Rediscovering Americans: Oliver Ellsworth
- spostell
- Oct 4, 2021
- 2 min read
Written by Sam Postell, Director of the Center for Liberty and Learning
Despite being one of the most politically active Founding Fathers, Oliver Ellsworth has not come down in history as one of the most remembered founding fathers. There are a variety of reasons why Ellsworth is not remembered: first, although he contributed greatly to the debates over the Constitution he did not sign it, second, he was the third Chief Justice of the Supreme Court but the court had not begun to play a political role until later when John Marshall became Chief Justice, and third he was a compromiser.

Oliver Ellsworth was born in 1745 in Windsor, Connecticut. He attended Yale and Princeton where he studied the law and the liberal arts. After his studies, Ellsworth became a lawyer, then a soldier in the American Revolution, and then a judge.
Ellsworth served in the Continental Congress from 1776 to 1783. In 1785 he became a Supreme Court Justice on the Connecticut Supreme Court.

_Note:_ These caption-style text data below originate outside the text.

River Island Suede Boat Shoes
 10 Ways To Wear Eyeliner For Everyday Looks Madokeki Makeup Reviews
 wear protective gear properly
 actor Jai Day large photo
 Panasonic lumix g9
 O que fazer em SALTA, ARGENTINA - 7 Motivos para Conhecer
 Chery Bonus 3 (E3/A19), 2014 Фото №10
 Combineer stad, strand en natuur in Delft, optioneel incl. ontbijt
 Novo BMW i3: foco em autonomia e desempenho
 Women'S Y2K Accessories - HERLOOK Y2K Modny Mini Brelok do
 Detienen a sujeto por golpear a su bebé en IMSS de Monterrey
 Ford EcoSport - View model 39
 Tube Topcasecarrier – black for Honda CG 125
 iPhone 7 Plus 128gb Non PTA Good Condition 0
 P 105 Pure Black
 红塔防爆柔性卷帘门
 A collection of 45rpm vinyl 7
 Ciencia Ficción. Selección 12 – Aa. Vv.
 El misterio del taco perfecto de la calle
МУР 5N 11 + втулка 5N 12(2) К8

After the revolution, Ellsworth was selected as a delegate to the Constitutional Convention. He and Roger Sherman are credited with the passage of the Connecticut Compromise which secured equal representation in the Senate and proportional representation in the House of Representatives. Ellsworth also served on the committee of detail which refined the language of the Constitution.
During ratification when Ellsworth was asked why the delegates did not abolish slavery he said, “All good men wish the entire abolition of slavery, as soon as it can take place with safety to the public, and for the lasting good of the present wretched race of slaves. The only possible step that could be taken towards it by the convention was to fix a period after which they should not be imported.”
After the Federal Convention, when the states were asked to ratify the Constitution, Ellsworth played an instrumental role in Connecticut’s choice to ratify the Constitution. Ellsworth, like Madison and Hamilton in New York, wrote a series of essays called Letters to a Landholder which urged the people of the state to ratify the Constitution.
After the Constitution had been ratified, Connecticut appointed Ellsworth to the Senate. He was an advocate for Hamilton’s treasury plan, and he acted as majority leader during his time in the Senate. He drafted the Senate Judiciary Act of 1789. The structure of the federal judiciary was outlined in his plan, and that structure still exists today. In 1796 George Washington appointed Ellsworth to the United States Supreme Court.